**Collected data**:
=-=-=

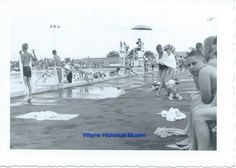 an old black and white photo of people playing in the water at a swimming pool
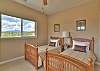 Third bedroom offers two twin beds with mountain views. 
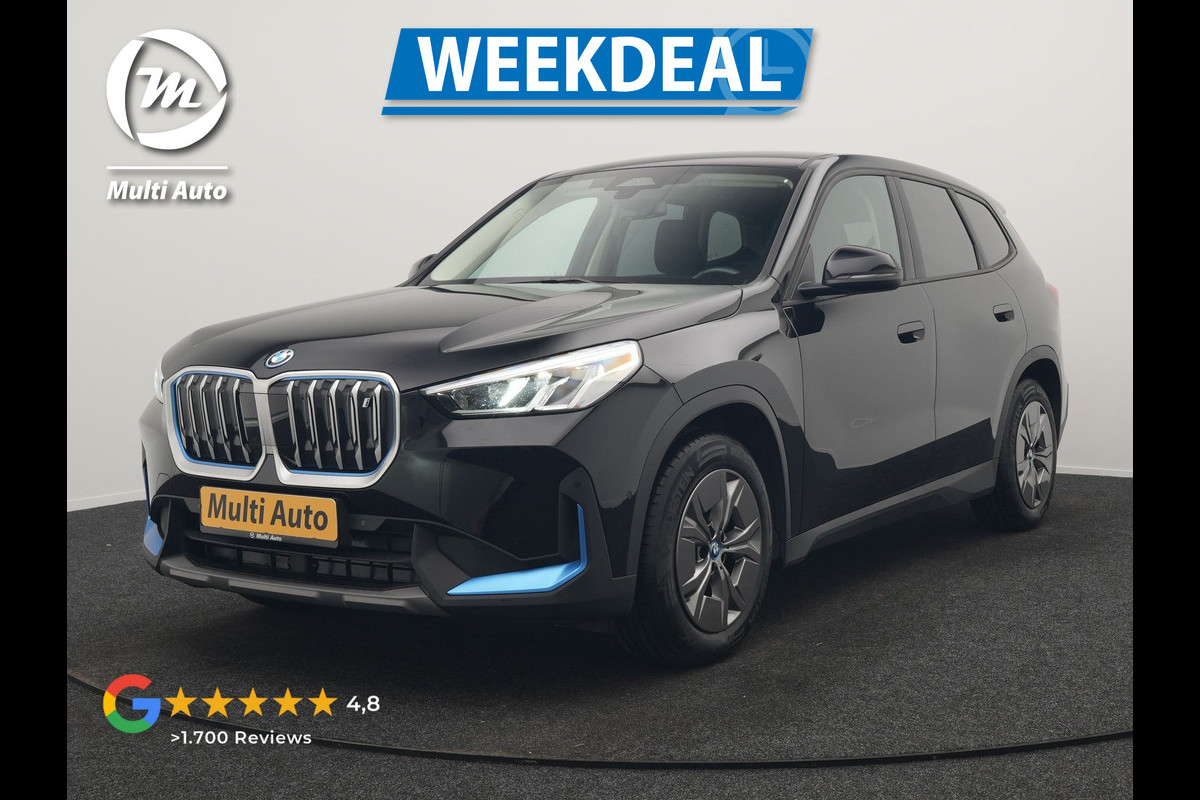 BMW iX1 xDrive30 67 kWh 313pk Dealer O.H. | Adaptief M Onderstel | Camera | Cruise Control | Stoelverwarming | Widescreen Navi | Park Assist | Apple Carplay | Navigatie | DAB | Standkachel |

=-=-=

**The problem**: Type the lines above out again exactly as they appear, skipping every picture.

**Your response**:
 an old black and white photo of people playing in the water at a swimming pool
 Third bedroom offers two twin beds with mountain views. 
 BMW iX1 xDrive30 67 kWh 313pk Dealer O.H. | Adaptief M Onderstel | Camera | Cruise Control | Stoelverwarming | Widescreen Navi | Park Assist | Apple Carplay | Navigatie | DAB | Standkachel |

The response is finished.